State law defines certain knives as dangerous weapons and, with minor exceptions, makes it illegal to carry them on one's person or in a vehicle. The law does not prohibit mere possession of these weapons (i.e., possession in one's residence, according to the state Supreme Court). And it does not address sales and purchases.
Under the law, dangerous weapons are (1) dirk knives, (2) switch knives, (3) stilettos, (4) any knife that has an automatic spring release device that releases a blade from the handle longer than one and one-half inches, and (5) any knife that has a blade with an edged portion four inches or longer.

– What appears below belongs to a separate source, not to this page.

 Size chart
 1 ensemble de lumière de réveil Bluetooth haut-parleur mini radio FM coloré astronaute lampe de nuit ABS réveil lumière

Illegally carrying a dangerous weapon on one's person is punishable by a fine of up to $500, imprisonment for up to three years, or both (CGS § 53-206(a)). Illegally carrying it in a vehicle is punishable by a fine of up to $1,000, imprisonment for up to five years, or both (CGS § 29-38).
The law does not contain any provisions specifically addressing antique knives.
EXCEPTIONS TO THE BAN ON CARRYING DANGEROUS WEAPONS
Peace officers pursuing their official duties may carry any of the knives, and the following people may carry knives with a four-inch or longer, edged blade in the circumstances specified:
1. armed forces members, including guard members and reservists, while on or going to and from duty;
2. members of military organizations when on parade or going to or coming from a place of assembly;
3. anyone transporting them as merchandise or for display at an authorized gun or knife show;
4. anyone transporting them concealed while lawfully removing their household effects from one place or residence to another;
5. anyone transporting them from his or her residence or business place for repairs or retrieving them after they have been repaired;
6. hunting, fishing, or trapping licensees for lawful hunting, fishing, or trapping; and
7. anyone participating in an authorized historic reenactment (CGS § 53-206(b)).
POSSESSION OF DANGEROUS WEAPONS
The state Supreme Court has ruled that the prohibition on carrying dangerous weapons contains an implicit exception for carrying a weapon in a residence or abode (State v. Sealy, 546 A2d 271, 208 Conn. 689 (1988)).